Each line below must be transcribed exactly, and no picture may appear in the transcription.

Caption-style text data:
##########

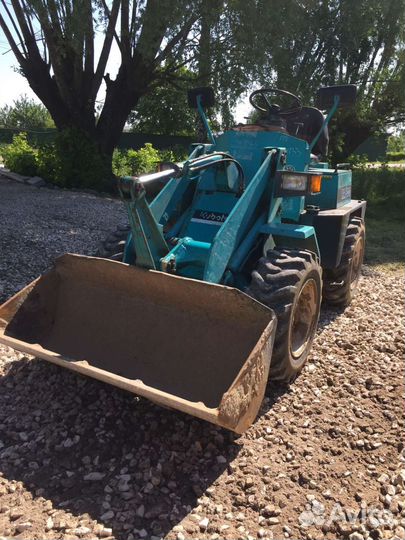 Расчистка участка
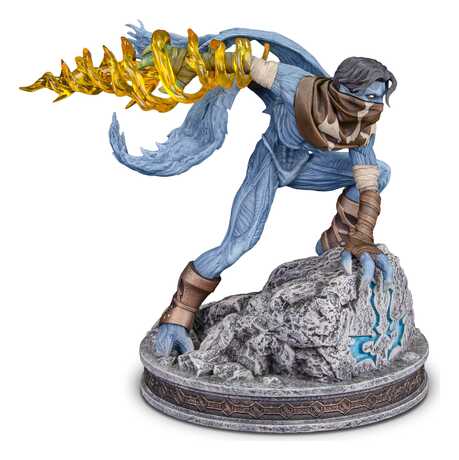Legacy of Kain figurine PVC Raziel Dark Horse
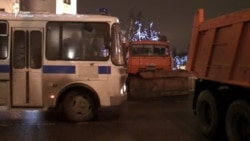 Новый год под охраной Новый год под охраной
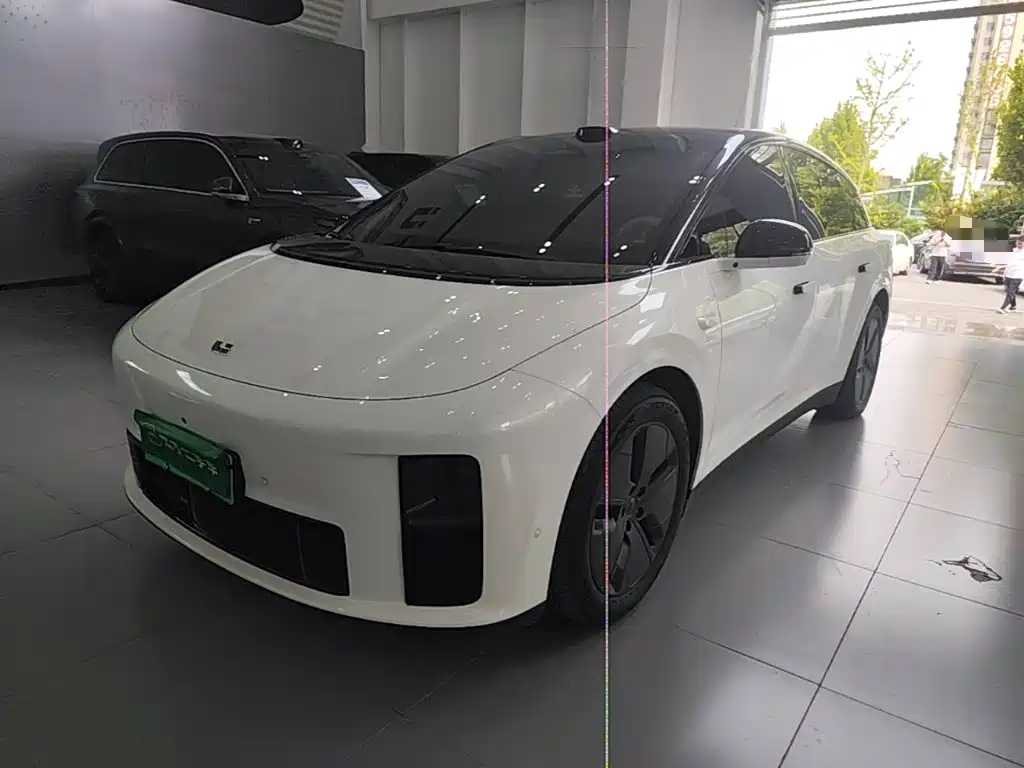 Li Auto Li i6 — миниатюра 2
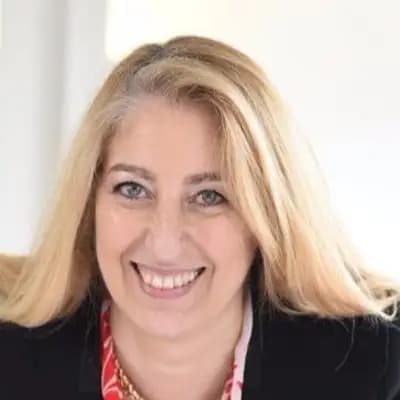 Jeanne Massa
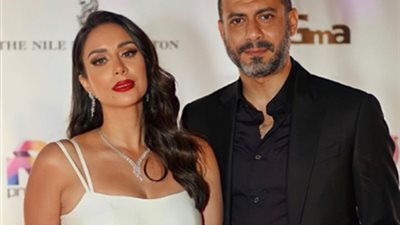 بعد زواجهما.. بسنت شوقي ومحمد فراج يجمعهما عمل إذاعي 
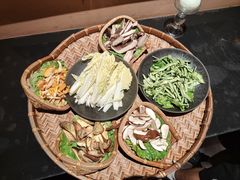 -滇野云南野生菌餐厅(陕西南路店)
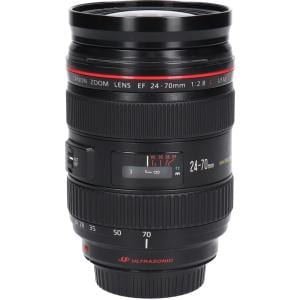 ＥＦ２４－７０ｍｍ　Ｆ２．８Ｌ　ＵＳＭ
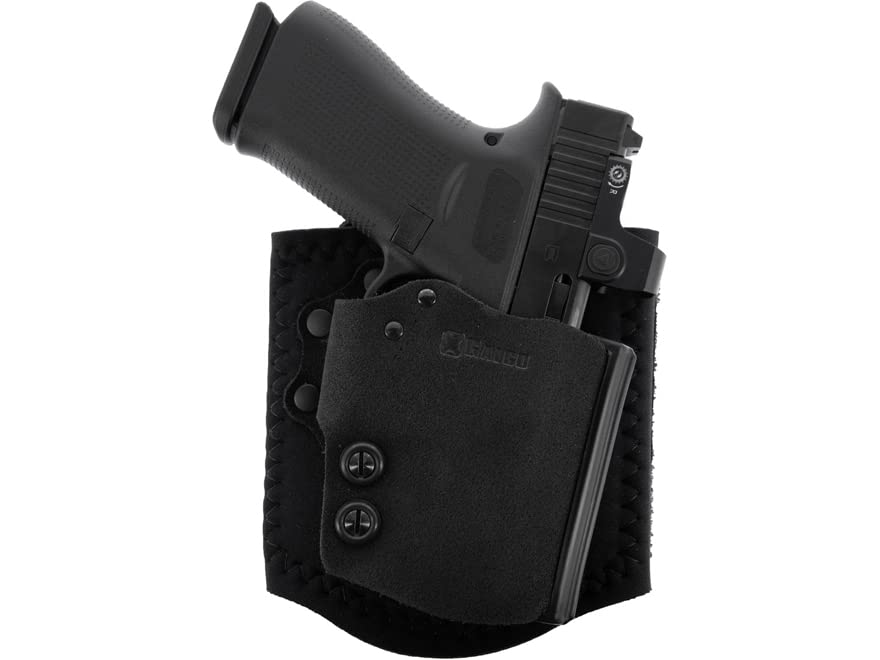 GALCO Ankle Guard Neoprene Ankle Holster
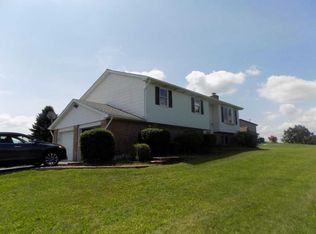 251 Tower Rd, Mohrsville, PA 19541
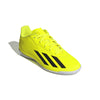 X Crazyfast Club kids zaalvoetbalschoenen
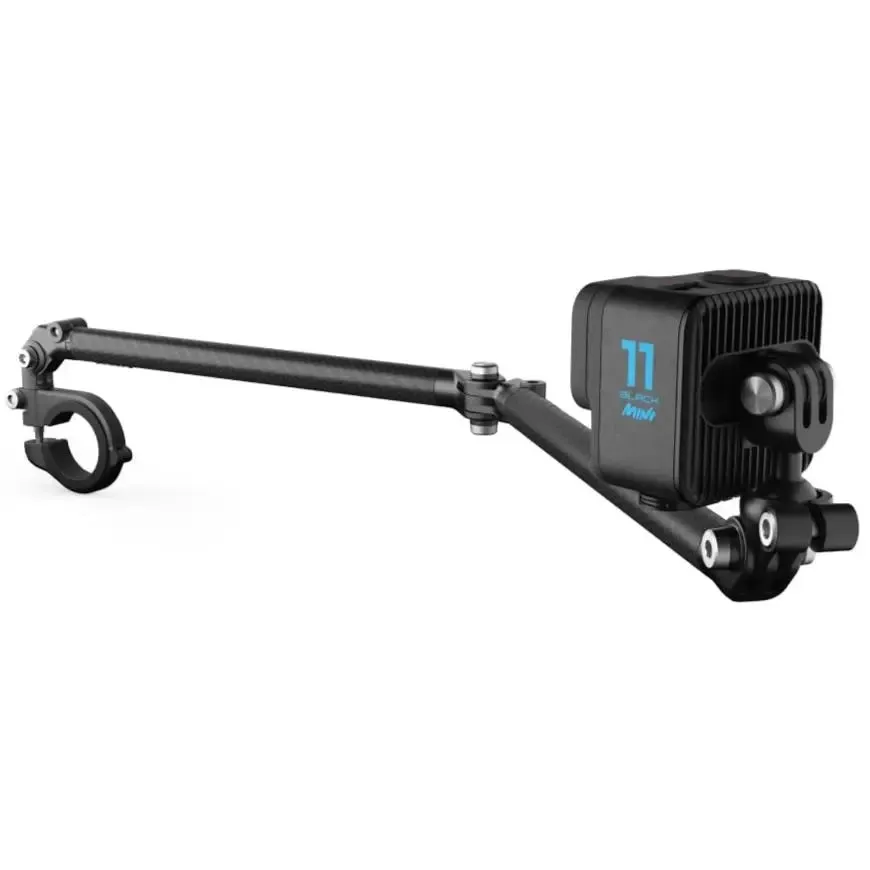 GoPro Boom   Bar Mount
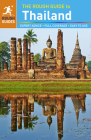 The Rough Guide to Thailand By Rough Guides Cover Image
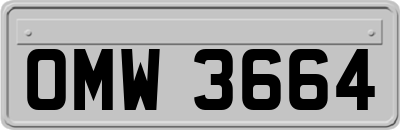 OMW3664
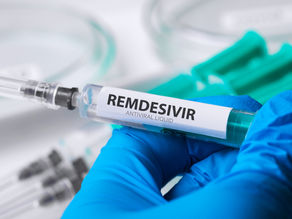 Médicos dos EUA pedem dados de remdesivir para orientar tratamento de Covid-19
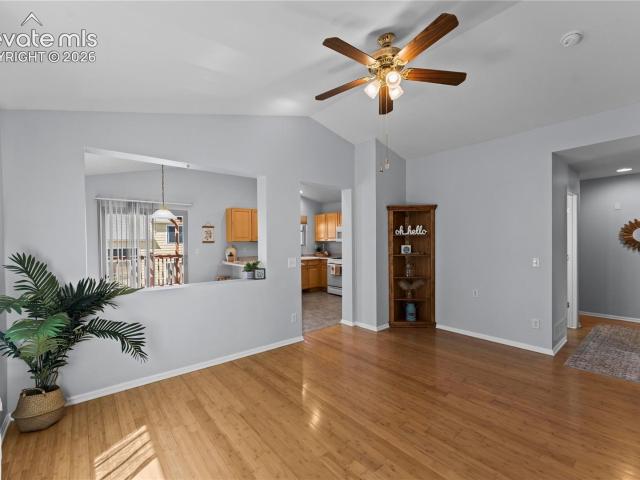 House for sale in Colorado Springs, El Paso County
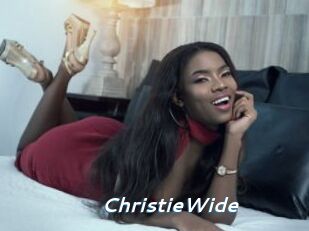 ChristieWide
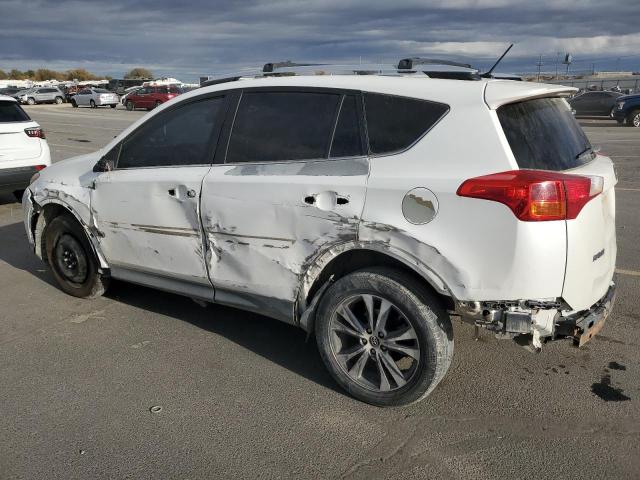 2015 TOYOTA RAV4 LIMIT #3316754433
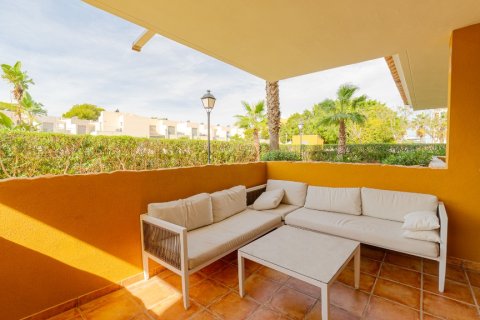 Kaupunkipientalo myytävänä Punta Prima, Alicante, Espanja, 2 makuuhuonetta, 95 m2 No. 140608 - kuva 1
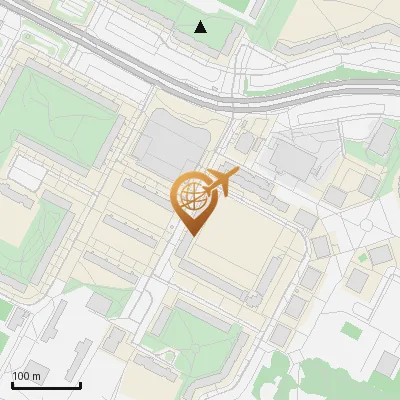 Foto zu Sella-Hasse-Straße 26, 12687 Berlin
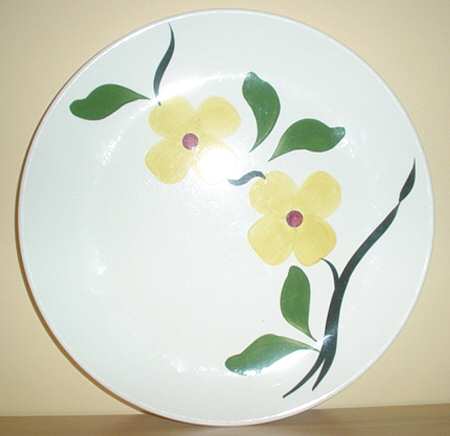 BRP148 by Blue Ridge Southern Pottery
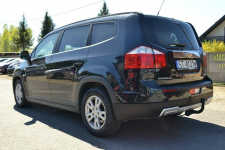 Chevrolet Orlando NAVI*Klimatyzacja*Android*7osobowy*Zadbany*2.0 163KM Częstochowa - zdjęcie 3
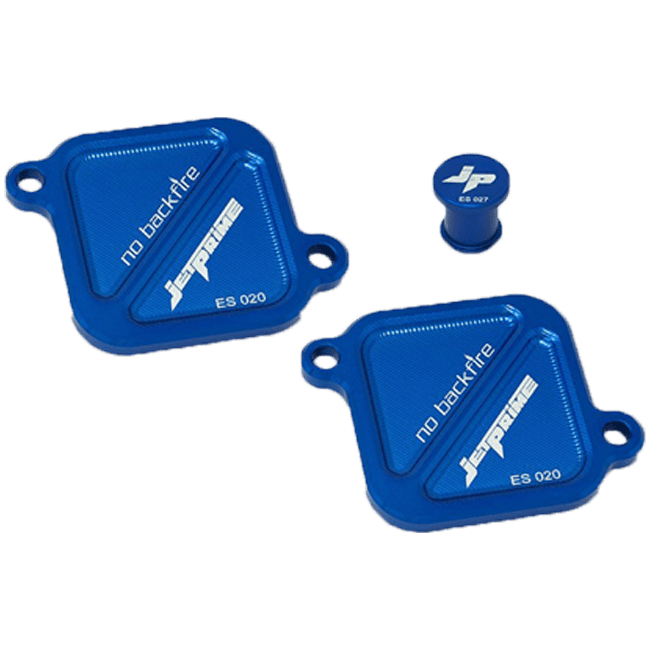 SLS / AIS poklopac zatvaranja JetPrime Ducati Panigale V4/S/R (18-24) JP ES 020 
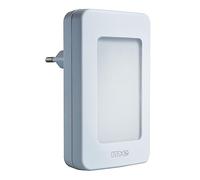 m-e modern-electronics 1676668 41145 - Timbre inalámbrico con luz nocturna automática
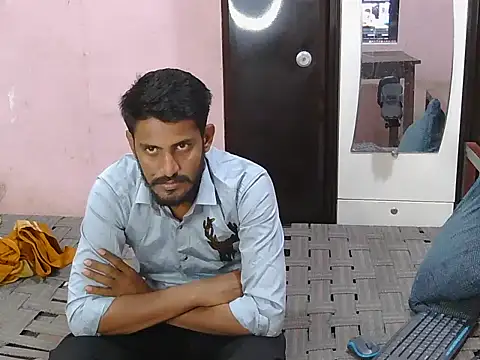 krishjaat43 online show from 03-23-26, 05:57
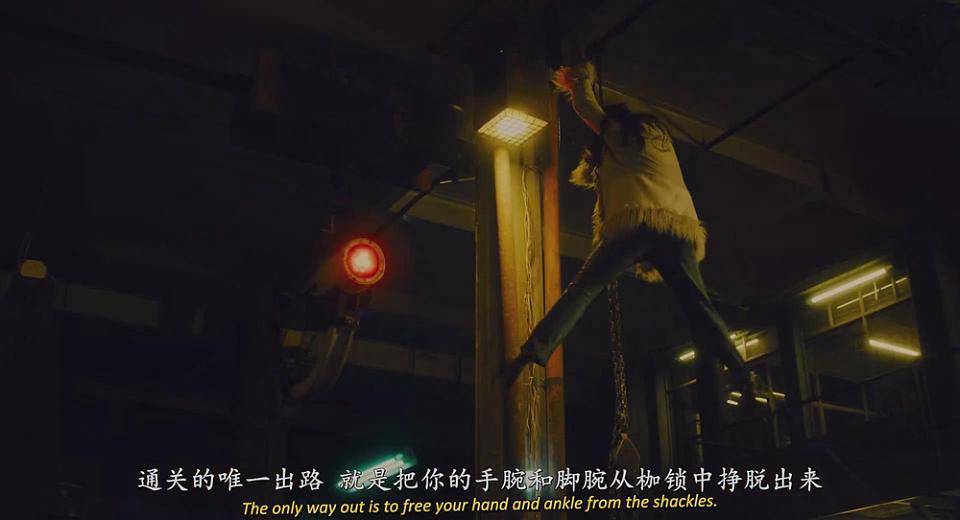 歐美恐怖片排行榜前十名,膽小慎看的十部驚悚片的圖片 8 歐美恐怖片排行榜前十名,膽小慎看的十部驚悚片 8
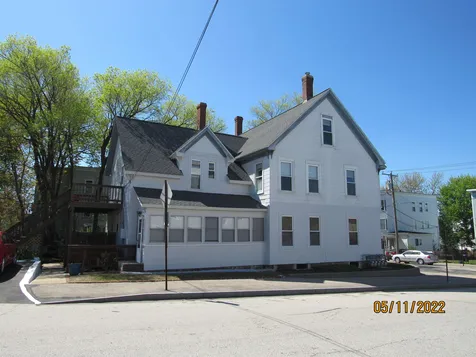 651 Silver Street Manchester NH 03103-4440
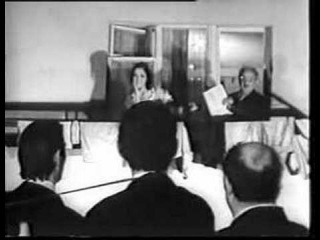 Ossetia-Serenada
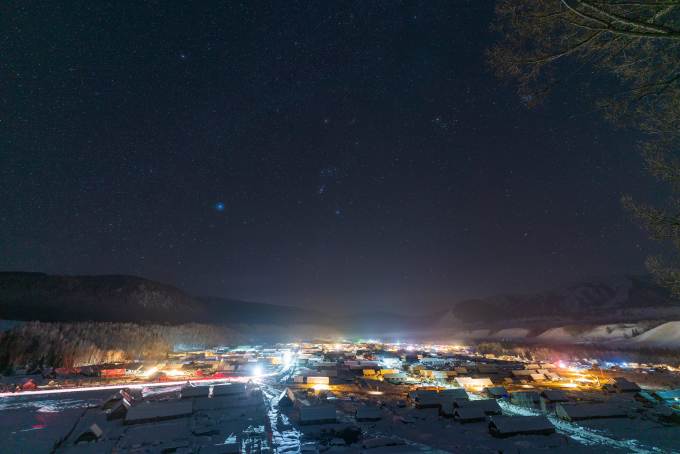 适马镜头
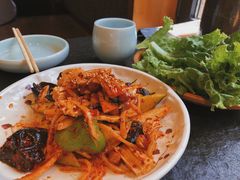 -味家烤肉烤鳗鱼牛排(西塔旗舰店)
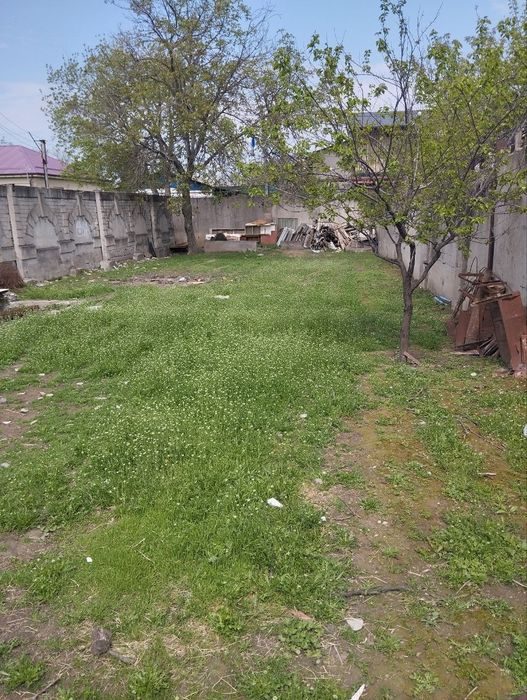 Yer yangi o'zbekiston bog'i tomond 1sotixi 30 mindana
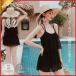  купальный костюм body type покрытие женский One-piece купальный костюм плавание одежда купальный костюм One-piece бикини пляж одежда гонки экспонирование запись . модный надеты .. морская вода . горячие источники 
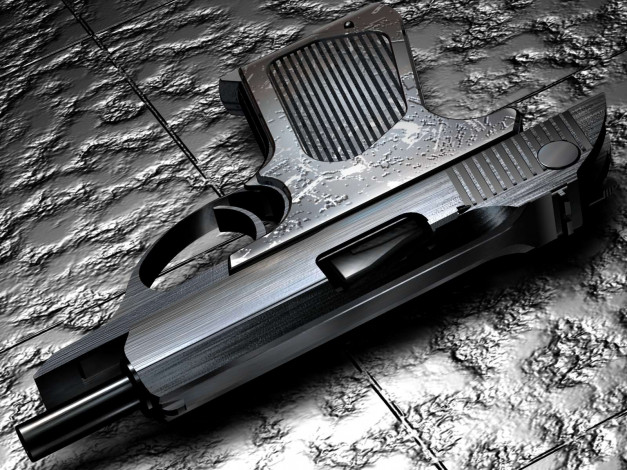 Обои картинки фото оружие, пистолеты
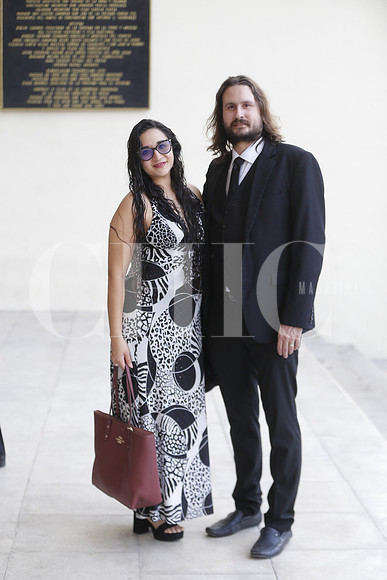 Gabriela Manzano y Jorge Santisteban 3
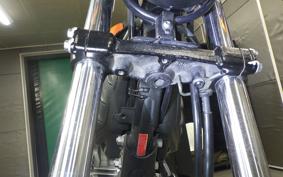 YAMAHA TRICKER 2005 DG10J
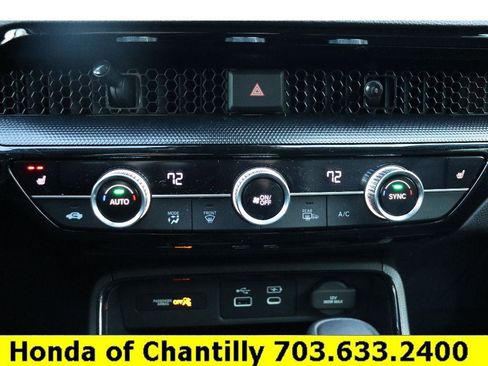 Certified 2023 Honda CR-V EX-L image 16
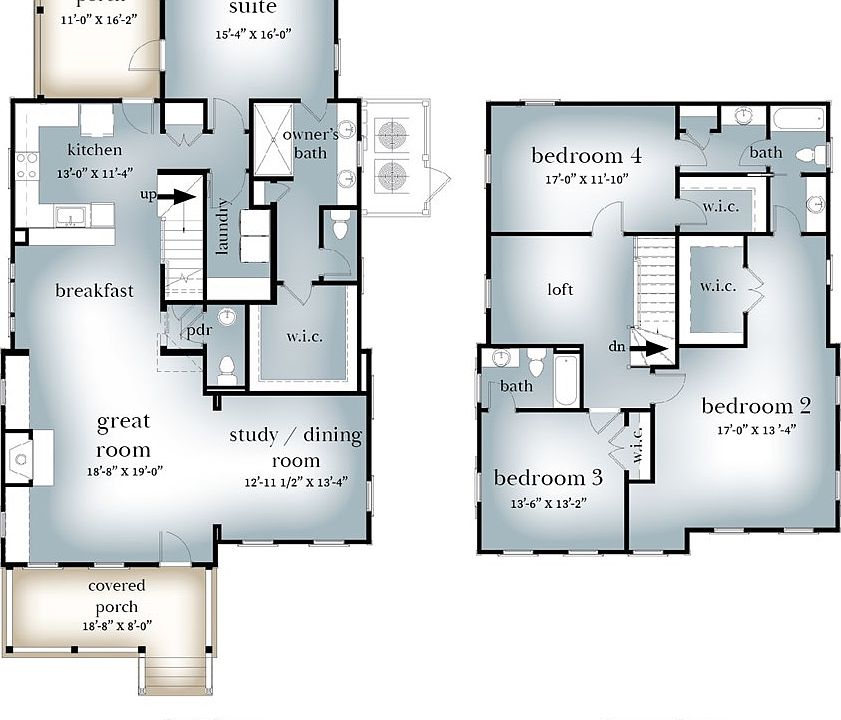 2nd image of 307 Bayside Ave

##########

Written reply
 Расчистка участка
Legacy of Kain figurine PVC Raziel Dark Horse
 Новый год под охраной Новый год под охраной
 Li Auto Li i6 — миниатюра 2
 Jeanne Massa
 بعد زواجهما.. بسنت شوقي ومحمد فراج يجمعهما عمل إذاعي 
 -滇野云南野生菌餐厅(陕西南路店)
 ＥＦ２４－７０ｍｍ　Ｆ２．８Ｌ　ＵＳＭ
 GALCO Ankle Guard Neoprene Ankle Holster
 251 Tower Rd, Mohrsville, PA 19541
 X Crazyfast Club kids zaalvoetbalschoenen
 GoPro Boom   Bar Mount
 The Rough Guide to Thailand By Rough Guides Cover Image
 OMW3664
 Médicos dos EUA pedem dados de remdesivir para orientar tratamento de Covid-19
 House for sale in Colorado Springs, El Paso County
 ChristieWide
 2015 TOYOTA RAV4 LIMIT #3316754433
 Kaupunkipientalo myytävänä Punta Prima, Alicante, Espanja, 2 makuuhuonetta, 95 m2 No. 140608 - kuva 1
 Foto zu Sella-Hasse-Straße 26, 12687 Berlin
 BRP148 by Blue Ridge Southern Pottery
 Chevrolet Orlando NAVI*Klimatyzacja*Android*7osobowy*Zadbany*2.0 163KM Częstochowa - zdjęcie 3
 SLS / AIS poklopac zatvaranja JetPrime Ducati Panigale V4/S/R (18-24) JP ES 020 
 m-e modern-electronics 1676668 41145 - Timbre inalámbrico con luz nocturna automática
 krishjaat43 online show from 03-23-26, 05:57
 歐美恐怖片排行榜前十名,膽小慎看的十部驚悚片的圖片 8 歐美恐怖片排行榜前十名,膽小慎看的十部驚悚片 8
 651 Silver Street Manchester NH 03103-4440
 Ossetia-Serenada
 适马镜头
 -味家烤肉烤鳗鱼牛排(西塔旗舰店)
 Yer yangi o'zbekiston bog'i tomond 1sotixi 30 mindana
  купальный костюм body type покрытие женский One-piece купальный костюм плавание одежда купальный костюм One-piece бикини пляж одежда гонки экспонирование запись . модный надеты .. морская вода . горячие источники 
 Обои картинки фото оружие, пистолеты
 Gabriela Manzano y Jorge Santisteban 3
 YAMAHA TRICKER 2005 DG10J
 Certified 2023 Honda CR-V EX-L image 16
 2nd image of 307 Bayside Ave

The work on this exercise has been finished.